#### WHAT IS REQUIRED:
Exactly the lines from the one containing "270626 - Barbarians" through the one containing "22124 Violet St, Saint" in the listing below are to be copied, with the pictures left out.

#### DATA UNDER STUDY:
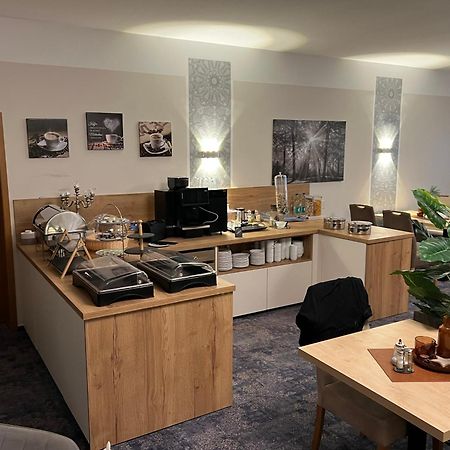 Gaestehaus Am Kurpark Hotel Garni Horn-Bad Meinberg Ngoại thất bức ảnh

---

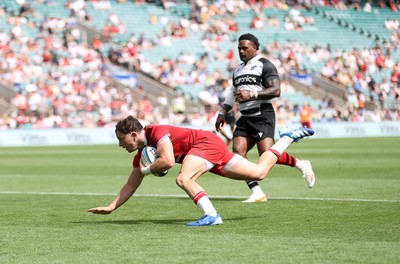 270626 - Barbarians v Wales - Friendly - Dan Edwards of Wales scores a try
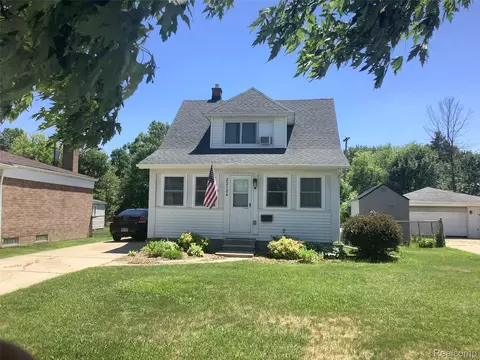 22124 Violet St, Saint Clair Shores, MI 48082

#### EXERCISE RESPONSE:
 270626 - Barbarians v Wales - Friendly - Dan Edwards of Wales scores a try
 22124 Violet St, Saint Clair Shores, MI 48082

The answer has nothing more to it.